All my favorite books come from a “deep place of junior high trauma.”* From Harriet the Spy to The Outsiders, right on up through Rick Moody’s Purple America and Strout’s Olive Kitteridge.

Picture Olive at eleven. She has huge feet. The mean kids chalk hopscotch squares too small for her shoes. She’s out before she started.

Teachers joke you teach the grade where you are emotionally stuck. If true, I’m a perpetual seventh grader, when kids are righteous and affectionate by turns. When my fellow parents complain about their kids, I first side with the children. I have to imagine myself into the parental view.

Junior high, it seems to me, is roughly when kids see the multiplicity of everything and everyone–people and institutions and cultures. And they are Outraged. (I love this about them.)

My parents’ marriage ended, traumatically, when I was in third grade. But I sailed through elementary. In fifth grade, my babysitter friends and I held a protest march. We demanded a 15 cent raise on our hourly. We chanted; we carried signs. We knew the genre. We marched, however, not in front of our employers’ houses but a sitter’s house—a fatal confusion about audience. Our cause sank without a trace, but we were righteous.

In sixth grade, six of us wrote a play, which our hippie teacher helped us stage. We invited the whole school to the auditorium. About two minutes in, Max-the-counterfeiter started printing bills in his basement. Rosa-the-hooker, Max’s girlfriend, applied lipstick in a bored way.

The kindergarten teacher rose from her seat. She was red-faced and for several minutes, or so it seemed, mute. We came to an uncertain halt, while she led the kindergarteners up the aisle and out the door. The door swung shut and we resumed the giddy action.
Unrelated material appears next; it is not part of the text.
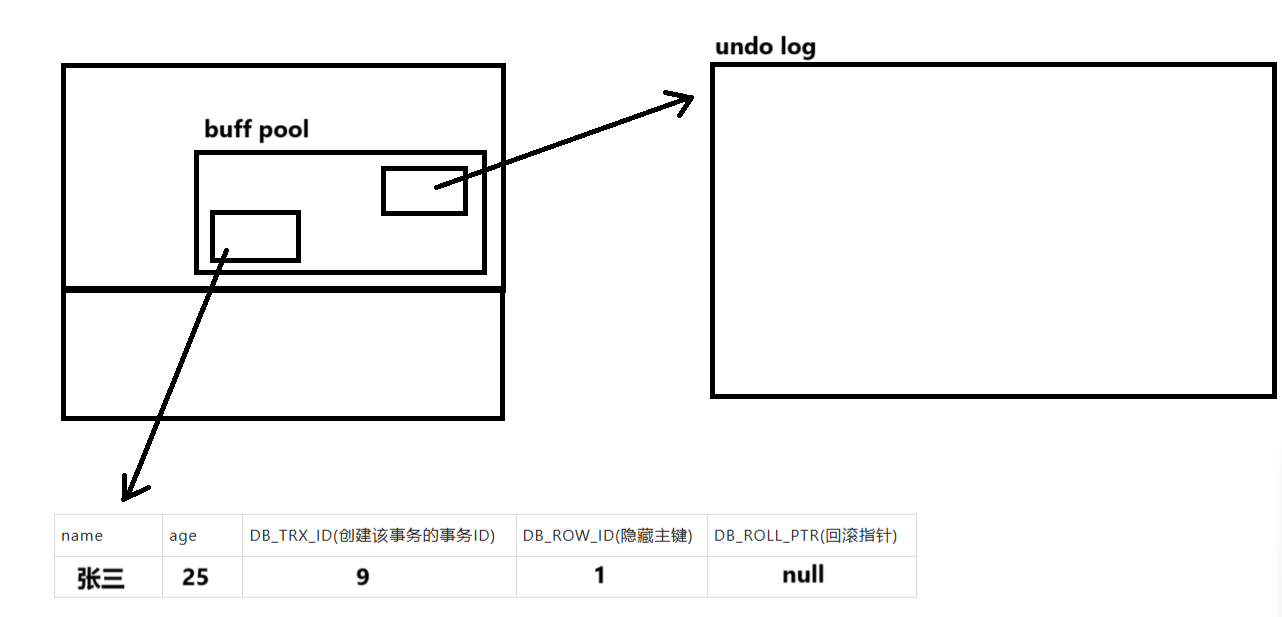 MySQL学习_类型_400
The denouement involved destroying Max’s “den of iniquity.” I kicked over the cardboard counterfeit machine, and it sailed into the audience, taking out a few second graders. We rated the whole thing a dazzling success and talked about it for weeks.

Entering junior high was like being dropped into a vat of acid. (See Carol Gilligan’s In a Different Voice.) Friendships dissolved. My best friend moved to England. My new best friend walked behind me so she could pinch my butt. Repeatedly. And hard. A trick she learned from her bullying older brother, who swear to God, loathed her. He was forever stuffing her head down the toilet until she nearly drowned.
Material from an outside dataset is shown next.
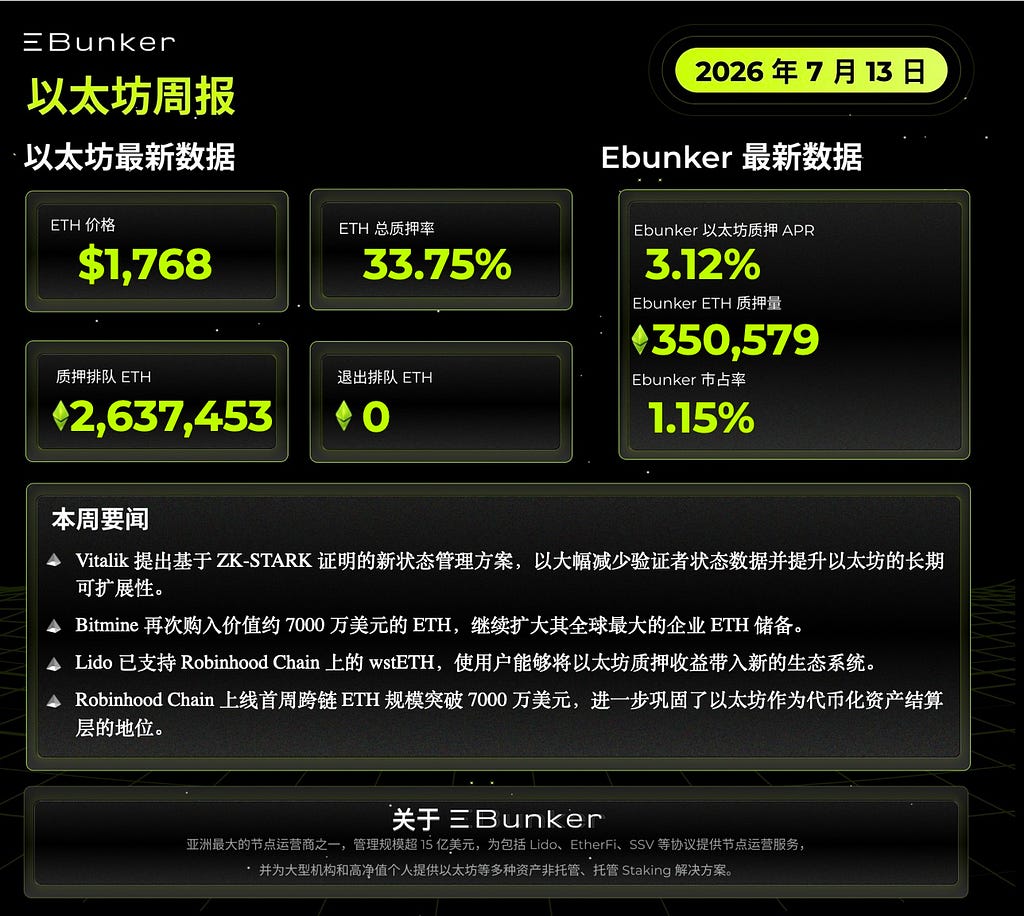 以太坊质押周报 2026 年 7 月 13 日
In my school photo I look pale, stunned, folding from the inside.

Publicly, her brother was a peacenik, all leather peace signs and tie-dye. There was a photo of him in our local paper protesting the war and extending a daisy (Could he be more clichéd?) to an impassive national guardsman. My friend and I savored our secret knowledge of her brother’s hypocrisy. We marveled at adult ignorance of her brother’s true nature, of everyone and everything’s true nature. In elementary, I would have rated this “adventure.” In junior high, everything was angst.

I am tempted to go further and say most of the best (fiction and non) writing comes from “a deep place of junior high trauma.” I have read nonfiction books about the driest of subjects—farming say or Soviet politics—and loved them. The author of the farming book was bullied in junior high. He escaped summers when his parents sent him to work on a farm. (They were lefties, of course.) At the farm, he was one of the men, responsible for hoisting his own bales of hay. The woman who wrote piece after piece about an American who defected to the USSR, as a teen she defected from her upper class home, at first silently, privately and then publicly and professionally. These authors, I would bet that they probed the “deep place[s] of junior high trauma” to write such compelling nonfiction.

About the worst times, my father used to say, “It’s all grist.” Meaning, I think, that you can make something of terrible stuff. I can’t bring myself to say everyone’s junior high suffering is worth it, but I like the books.

* Kelly Ford’s hilarious blog, “Red Rover, Red Rover, Send My Next Novel Right Over,” on choosing her next novel’s subject included this brilliant phrase, “from a deep place of junior high trauma,” which got me thinking.